-- Opening Marker --

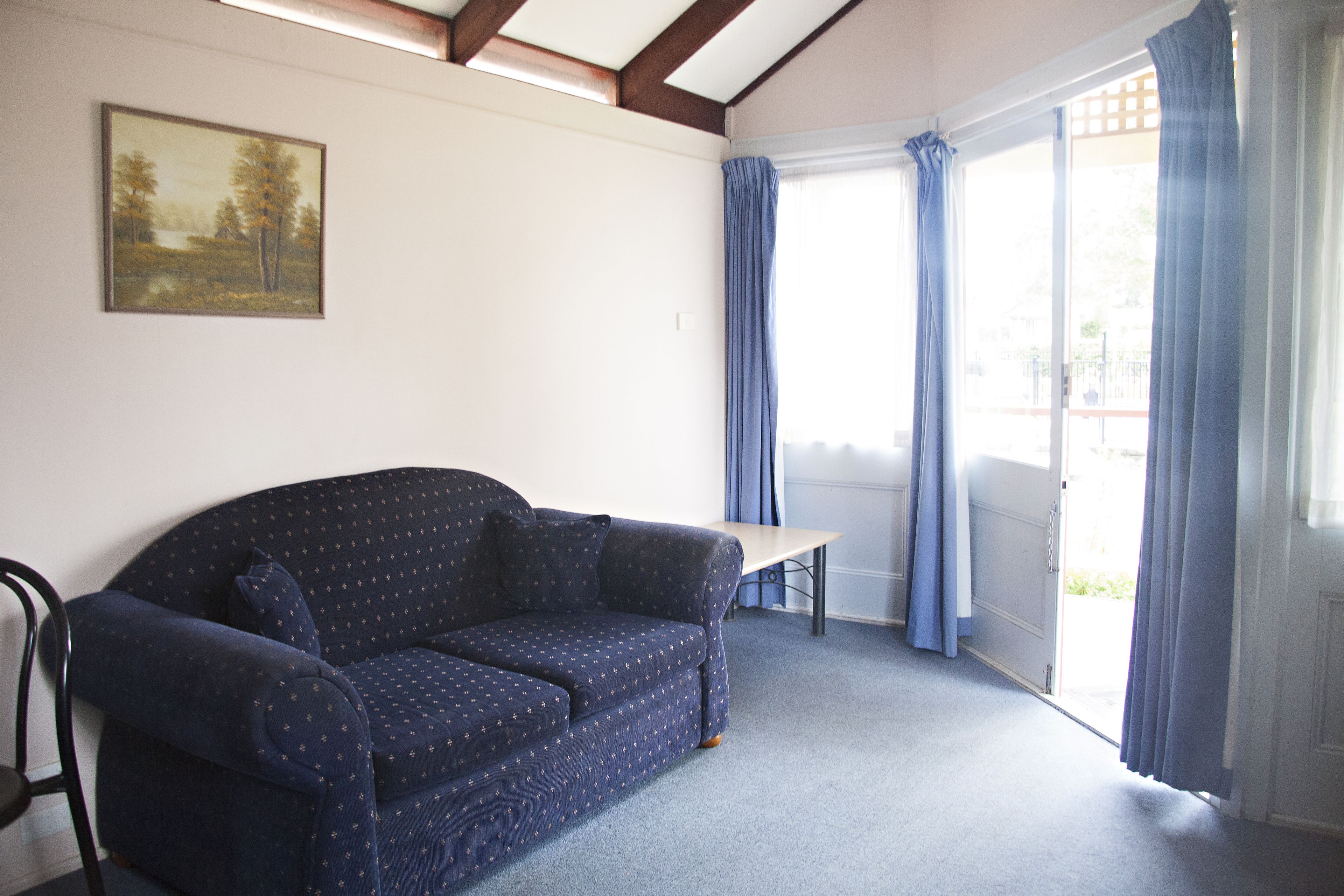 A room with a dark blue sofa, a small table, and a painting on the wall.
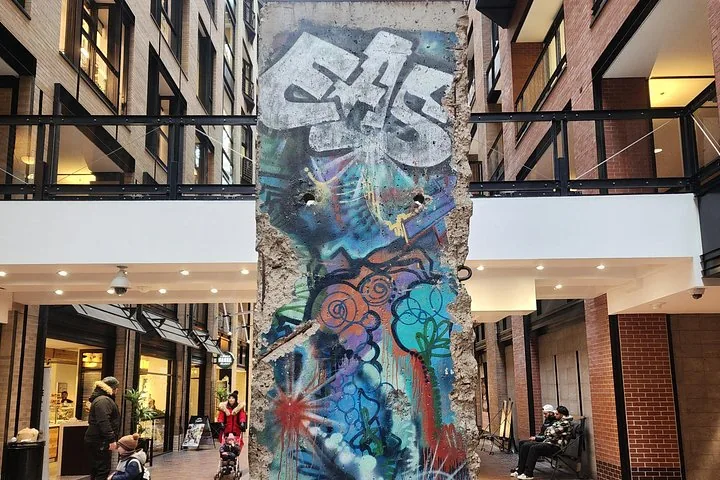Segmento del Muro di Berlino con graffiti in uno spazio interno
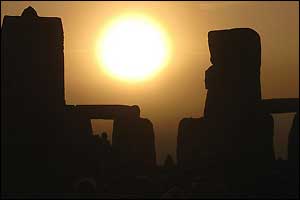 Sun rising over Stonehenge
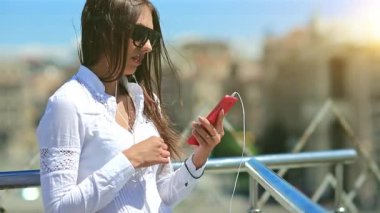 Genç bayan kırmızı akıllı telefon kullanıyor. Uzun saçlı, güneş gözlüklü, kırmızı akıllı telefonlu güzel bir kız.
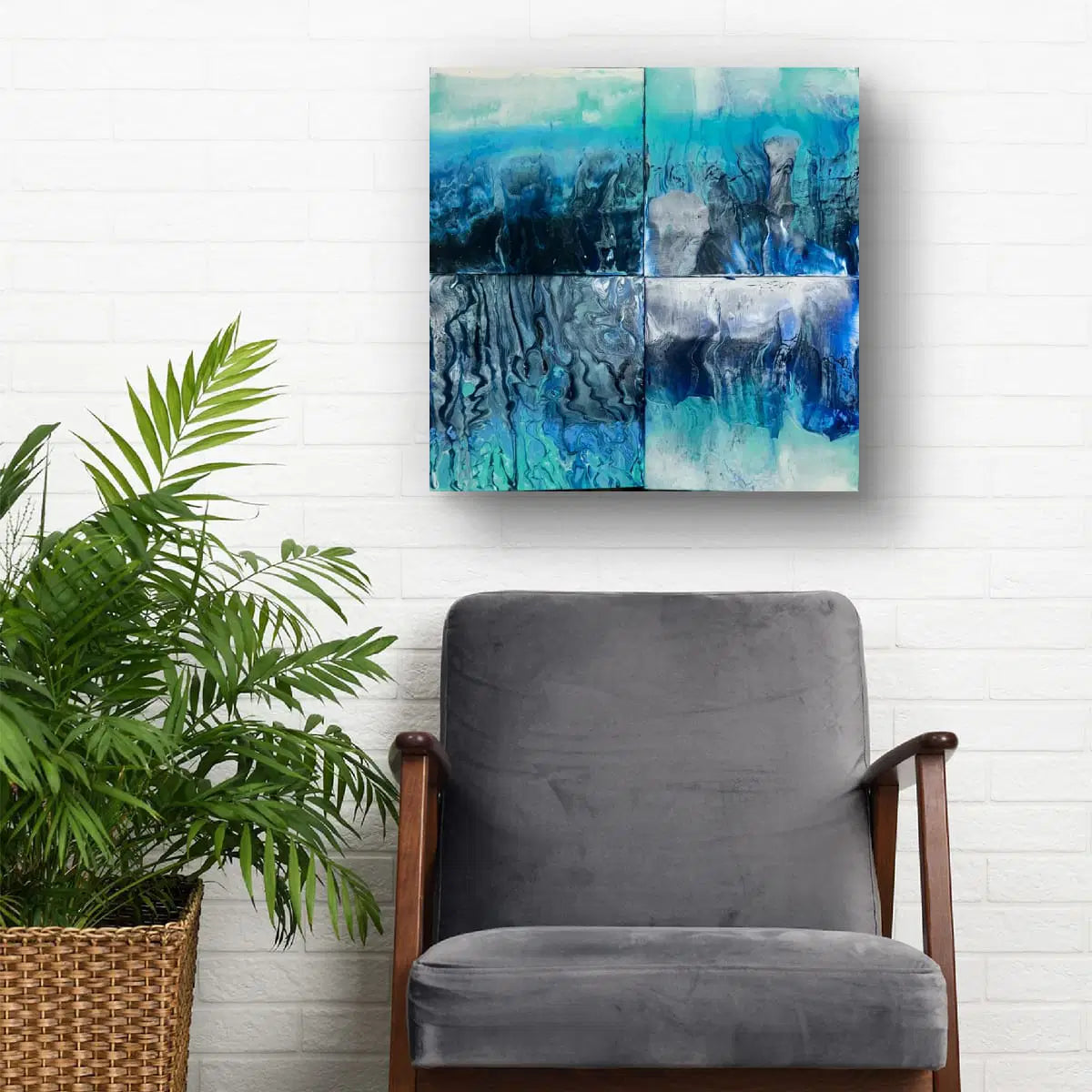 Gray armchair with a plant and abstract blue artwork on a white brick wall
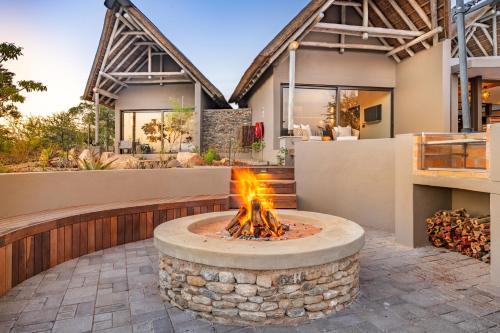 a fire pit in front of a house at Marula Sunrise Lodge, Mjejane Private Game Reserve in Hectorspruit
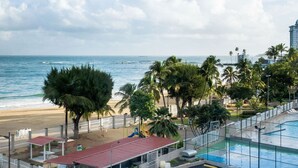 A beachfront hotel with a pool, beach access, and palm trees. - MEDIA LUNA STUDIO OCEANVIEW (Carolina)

-- Closing Marker --
-- Opening Marker --

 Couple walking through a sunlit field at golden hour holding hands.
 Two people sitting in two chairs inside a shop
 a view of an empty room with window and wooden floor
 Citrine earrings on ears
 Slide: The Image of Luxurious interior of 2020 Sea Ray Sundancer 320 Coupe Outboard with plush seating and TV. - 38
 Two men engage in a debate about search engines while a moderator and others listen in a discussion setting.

-- Closing Marker --

§ Required work
Precisely those lines above that run from the line with "Sun rising over Stonehenge" up to and including the line with "A beachfront hotel" are to be set down, with the pictures omitted.

§ Problem solution
 Sun rising over Stonehenge
 Genç bayan kırmızı akıllı telefon kullanıyor. Uzun saçlı, güneş gözlüklü, kırmızı akıllı telefonlu güzel bir kız.
 Gray armchair with a plant and abstract blue artwork on a white brick wall
 a fire pit in front of a house at Marula Sunrise Lodge, Mjejane Private Game Reserve in Hectorspruit
 A beachfront hotel with a pool, beach access, and palm trees. - MEDIA LUNA STUDIO OCEANVIEW (Carolina)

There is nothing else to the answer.